It’s funny to think it, but I’ve been using Ubuntu for almost exactly three years, and in some ways that makes me an old-timer. I started in late 2005 with Ubuntu 5.10, a full year after the original Warty release and well into the initial swell of popularity. I never think of myself as any kind of a pioneer; those people were the ones who downloaded the first ISO.
But I still have to remind myself sometimes that some people haven’t had the same experiences I have. And that’s part of the reason why I see threads like this, and admit a little confusion at some of the things said.
My video card was working perfectly in Feisty and Gutsy, but never worked in Hardy and Intrepid. Do you call this expectations going higher than development or development that can’t stand on its feet?
I took it for granted that my card will always work fine once it worked with Gutsy, but it turned out that Shuttleworth is playing some card games with his employees.

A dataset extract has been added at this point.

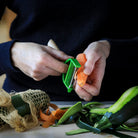 Person using a green vegetable peeler on carrots with zucchini and a mesh bag in the foreground.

Editorialization aside, I think it might be worth remembering what things were like back in 2005 and 2006, and the hoops one had to jump through, to get a happy system. Granted, there will always be hardware difficulties — this isn’t so much about hardware, as usability. Consider …
- Breezy Badger shipped with Firefox 1.0. That’s a one, a point, and an oh. Upgrading to 1.5 was a manual process, but you had the option of an automated script to do most of the dirty work. There was no .deb package, for a while.
- ATI video cards were often impossible to conquer. At least, for the casual user (which is what I still consider myself. )
- Nvidia wasn’t much better, and different processors had the option for different kernels, making the whole business a bit gnarled.
- Flash was mired at version 7 for what seemed like an eternity for most people (and we must be able to watch snails race, you see). Installing it was a whole different goat rope, and x86_64 users could only sit around and grind their teeth, with little hope in the foreseeable future.
- Don’t even talk to me about wireless problems. And Broadcom users were lost in a wilderness of firmware cutters, kernel modules and ndiswrapper. (Nowadays, there are some who say ndiswrapper might be dead.)
I guess I could go on, since I haven’t even mentioned Java or audio and video codecs, or software backports or anything regarding networking or file sharing. All those things were possible of course, but if you think you spend too much time at the command line now, download one of the old ISOs and see how far you get in a push-button-only world.
Unique hardware complaints aside, things are a great deal better and easier than they were three years ago. Occasionally things slip through and break pace with the idea of progress — that happens in every distro — but trust me, things are a lot better now than they used to be. Trust me: The good old days … well, by comparison, they sucked.